I'd personally assume sooty RY's (e/e) but what do I know.


----------



## madmouse

Seafolly: The majority of other posters on another forum have voted for sooty e/e, but I think that only further breeding will entirely settle the matter.


----------



## TwitchingWhiskers

They look like self e/e to me, as well. They will probably loose most of the soot as they age. Edna is very pretty.


----------



## Seafolly

Oh really? Yay! I'm glad I'm finally learning something, haha.

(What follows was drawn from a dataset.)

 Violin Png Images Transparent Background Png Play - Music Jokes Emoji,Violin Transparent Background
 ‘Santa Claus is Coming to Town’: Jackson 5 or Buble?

I bred a sooty RY who looks umbrous (I'm sure she's not) as her belly is so pale, her sides so golden yellow...I actually really like the look! But yes she did lighten with age. She's 9 months now but still has that dark spine.


----------



## TwitchingWhiskers

I must admit, the sooty look is actually somewhat appealing to me, as well, _but_ only to a certain extent; recessive yellow mice that look almost agouti are not appealing to me. My recessive yellow line should be beginning soon; I have a RY and RY carrier paired up. Recessive yellow is a really nice color in my opinion, I love how they look with their black eyes.


----------



## Seafolly

Yes they need the right amount of gold to make up for the dull brown (I love the blue tones in these guys).  The little lady in my avatar is the sooty RY I'm referring to. I should probably get updated photos. But as a baby (pre-10 days), people thought she'd be agouti (though she was never ticked). Black eyed RY's are divine I agree. I was lucky enough to get one in that same litter. But it seems like the really fiery ones often have red eyes. Maybe it's coincidence.


----------



## TwitchingWhiskers

Yes, if you look at moustress's e/e based fawns, well they look pretty nice. There are lots of pink eyed varieties that I love (exhibition champagne for instance *drools*), but I think black eyes better suit recessive yellow. I've always loved your little avatar picture, it's too cute.


----------